-1

I have discovered R a couple of years ago and it has been very handy to clean up dataframes, prepare some data and to handle other basic tasks.

Now I would like to try using R to apply basic treatments but on many different files stored in different folders at once.

Here is the script I would like to improve into one function that would loop through my folder "dataset_2006" and "dataset_2007" to do all the work.

library(dplyr)
library(readr)
library(sf)
library(purrr)

setwd("C:/Users/Downloads/global_data/dataset_2006")

shp2006 <- list.files(pattern = 'data_2006.*\\.shp$',  full.names = TRUE) 
listOfShp <- lapply(shp2006, st_read)
combinedShp <- do.call(what = sf:::rbind.sf, args=listOfShp)

#import and merge CSV files into one data frame
folderfiles <- list.files(pattern = 'csv_2006_.*\\.csv$', full.names = TRUE) 

csv_data <- folderfiles %>% 
  set_names() %>% 
  map_dfr(.f = read_delim,
          delim = ";",
          .id = "file_name")

new_shp_2006 <- merge(combinedShp, csv_data , by = "ID") %>% filter(label %in% c("AR45T", "GK879"))
   
st_write(new_shp_2006 , "new_shp_2006.shp", overwrite = TRUE)




setwd("C:/Users/Downloads/global_data/dataset_2007")

shp2007 <- list.files(pattern = 'data_2007.*\\.shp$',  full.names = TRUE) 
listOfShp <- lapply(shp2007, st_read)
combinedShp <- do.call(what = sf:::rbind.sf, args=listOfShp)

#import and merge CSV files into one data frame
folderfiles <- list.files(pattern = 'csv_2007_.*\\.csv$', full.names = TRUE) 
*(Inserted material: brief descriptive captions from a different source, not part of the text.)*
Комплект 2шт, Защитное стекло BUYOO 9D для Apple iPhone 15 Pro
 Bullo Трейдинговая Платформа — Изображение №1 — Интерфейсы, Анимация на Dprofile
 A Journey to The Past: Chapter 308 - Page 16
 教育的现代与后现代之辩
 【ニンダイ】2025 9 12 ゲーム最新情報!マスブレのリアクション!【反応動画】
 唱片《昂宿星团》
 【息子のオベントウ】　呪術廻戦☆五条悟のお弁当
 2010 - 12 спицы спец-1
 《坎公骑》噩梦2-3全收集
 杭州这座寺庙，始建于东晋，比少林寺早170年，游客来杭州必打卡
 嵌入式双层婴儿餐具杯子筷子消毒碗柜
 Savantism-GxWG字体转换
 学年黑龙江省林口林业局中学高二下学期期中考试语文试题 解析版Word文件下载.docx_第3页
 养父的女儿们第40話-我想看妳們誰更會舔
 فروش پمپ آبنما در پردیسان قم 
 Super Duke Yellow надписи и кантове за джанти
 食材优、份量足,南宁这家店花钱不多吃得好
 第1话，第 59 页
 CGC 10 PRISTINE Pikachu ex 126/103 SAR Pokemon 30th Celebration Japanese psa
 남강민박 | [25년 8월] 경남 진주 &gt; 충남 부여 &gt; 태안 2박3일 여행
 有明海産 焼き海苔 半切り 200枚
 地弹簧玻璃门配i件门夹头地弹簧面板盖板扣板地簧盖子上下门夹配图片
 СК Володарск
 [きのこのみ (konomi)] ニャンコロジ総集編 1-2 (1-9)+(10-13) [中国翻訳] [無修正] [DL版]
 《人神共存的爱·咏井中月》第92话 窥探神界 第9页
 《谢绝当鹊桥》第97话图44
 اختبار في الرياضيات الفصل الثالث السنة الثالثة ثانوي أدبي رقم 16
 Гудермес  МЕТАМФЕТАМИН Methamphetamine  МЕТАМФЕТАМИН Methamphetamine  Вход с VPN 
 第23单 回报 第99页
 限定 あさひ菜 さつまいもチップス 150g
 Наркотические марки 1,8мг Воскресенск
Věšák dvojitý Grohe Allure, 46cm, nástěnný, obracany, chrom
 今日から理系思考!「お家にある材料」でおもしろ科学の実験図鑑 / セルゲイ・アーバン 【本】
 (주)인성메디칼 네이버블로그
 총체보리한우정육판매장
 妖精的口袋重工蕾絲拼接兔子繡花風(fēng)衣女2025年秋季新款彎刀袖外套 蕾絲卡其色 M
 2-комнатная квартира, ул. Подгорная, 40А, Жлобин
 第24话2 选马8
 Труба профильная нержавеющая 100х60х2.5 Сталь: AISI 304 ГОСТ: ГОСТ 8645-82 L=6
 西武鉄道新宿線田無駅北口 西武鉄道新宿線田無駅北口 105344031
csv_data <- folderfiles %>% 
  set_names() %>% 
  map_dfr(.f = read_delim,
          delim = ";",
          .id = "file_name")

new_shp_2007 <- merge(combinedShp, csv_data , by = "ID") %>% filter(label %in% c("AR45T", "GK879"))
   
st_write(new_shp_2007 , "new_shp_2007.shp", overwrite = TRUE)
MrFlick
  • 195,160
  • 17
  • 277
  • 295
zakros
  • 119
  • 9
  • So what exactly is your question here? Maybe something like this is a good starting point: https://stackoverflow.com/questions/14958516/read-all-files-in-directory-and-apply-multiple-functions-to-each-data-frame. It's helpful if you ask a more specific programming question. Show what you tried and describe where you are getting stuck. – MrFlick Jun 21 '22 at 15:14
  • I would like to automate a way to run my script for the subfolder "dataset_2006" then the subfolder "dataset_2007" without having to run it twice by changing my working directory manually as it is the case in my post :/ – zakros Jun 21 '22 at 15:32

1 Answers1

1

This is easy to achieve with a for-loop to loop over multiple items. To allow us to use wildcards, we can also add the function Sys.glob():

myfunction <- function(directories) {
  for(dir in Sys.glob(directories)) {
    # do something with a single dir
    print(dir)
  }
}

# you can specify multiple directories manually:
myfunction(c('C:/Users/Downloads/global_data/dataset_2006',
             'C:/Users/Downloads/global_data/dataset_2007'))

# or use a wildcard to automatically get all files/directories that match the pattern:
myfunction('C:/Users/Downloads/global_data/dataset_200*')
Caspar V.
  • 1,782
  • 1
  • 3
  • 16